**Exercise brief:**
In the records that follow, find the line containing "Clear Acrylic Magazine" and the line containing "King Master Black", then transcribe both and every line between them exactly, omitting pictures.

:: Supplied entries

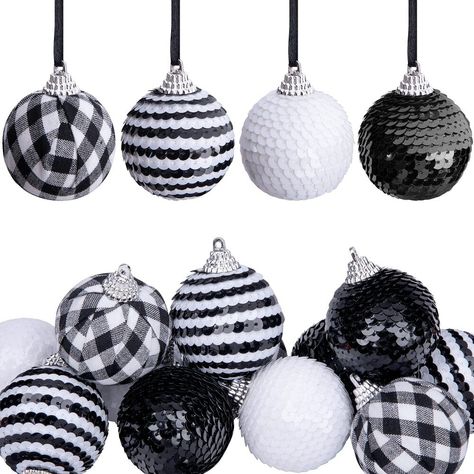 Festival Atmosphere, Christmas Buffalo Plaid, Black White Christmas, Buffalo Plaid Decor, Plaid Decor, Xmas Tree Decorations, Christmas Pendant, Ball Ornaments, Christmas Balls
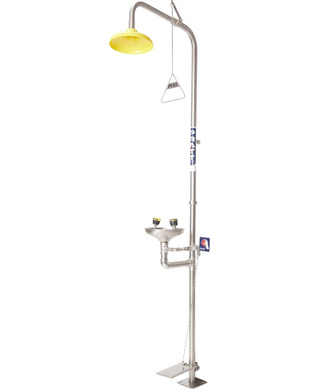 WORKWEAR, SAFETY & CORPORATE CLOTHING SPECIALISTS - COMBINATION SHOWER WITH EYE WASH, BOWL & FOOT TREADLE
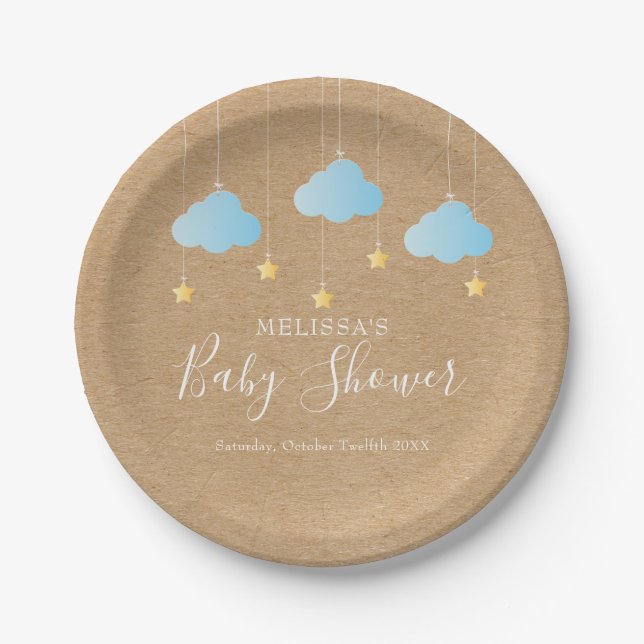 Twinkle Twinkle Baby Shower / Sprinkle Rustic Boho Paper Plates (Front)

::::
:: Supplied entries

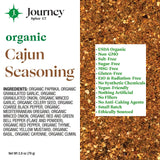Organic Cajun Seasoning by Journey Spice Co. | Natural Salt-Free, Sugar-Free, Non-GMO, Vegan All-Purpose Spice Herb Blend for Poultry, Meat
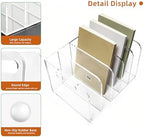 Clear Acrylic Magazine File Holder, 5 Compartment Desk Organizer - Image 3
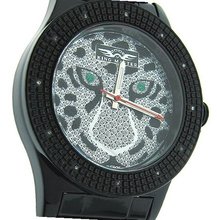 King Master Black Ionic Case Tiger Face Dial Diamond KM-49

::::

**Result:**
 Clear Acrylic Magazine File Holder, 5 Compartment Desk Organizer - Image 3
 King Master Black Ionic Case Tiger Face Dial Diamond KM-49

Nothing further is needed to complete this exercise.